I try to choose the most suitable queue server for this task: There is an algorithm that runs for a certain interval, you need to split this interval and make calculations to workers (the number of which is desirable to set dynamically depending on the size of the interval), then wait until all the workers are done and perform return values.

I read that a gearman is basically suitable for this, but I would also like to hear your opinions. I also read about the popular rabbitMq , but I didn’t give it the opportunity to ask several workers .

The programming language, in principle, is not important, the main thing is that it supports multi-threading (multi-core).

  • This is reminiscent of MapReduce. - andreycha

2 answers 2

RabbitMQ will allow you to connect several consumer to one queue (see http://www.rabbitmq.com/tutorials/tutorial-two-python.html Fair Dispatch). Regarding the dynamic consumer - here your application should decide when to start them and how to turn them off. You can run the count of the summers equal to the number of cores on the machine and then collect the data.

And your task resembles the implementation of MapReduce. Maybe you should look at Hadoop?

If you still want to write it yourself, then regarding the language, you can choose Erlang / OTP (RabbitMQ is written on it). Working with threads there is built very well and it is easy to combine several machines into a cluster, with the sharing of threads. Your application will not think about where and what is being performed, but simply wait for the completion of all the workers and return the result. But you have to break the brain before you write a functional code :)

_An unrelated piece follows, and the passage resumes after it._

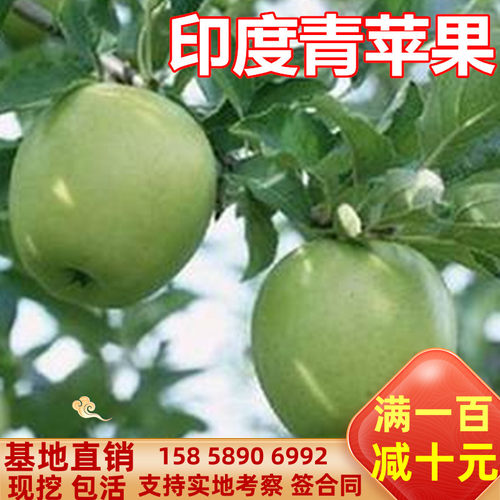 果树 果苗 印度青苹果树苗冰糖心嫁接南方北方种植盆栽地栽水果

    From what has already been advised - RabbitMQ. If the load is small and you do not need to guarantee delivery, drill it. In the case of Rabbit, accept the fact that messages can be lost, accept the fact that at high loads the cluster will start to fail, accept the fact that there will be problems when sharing a network.

    You can still take the Apache Kafka. It’s better with it, but it’s very difficult to tune it so that it works well.

    Hadoop or Spark is suitable for your task.

    If you are hosted on Amazon, then with their lambdas it seems like this can be done.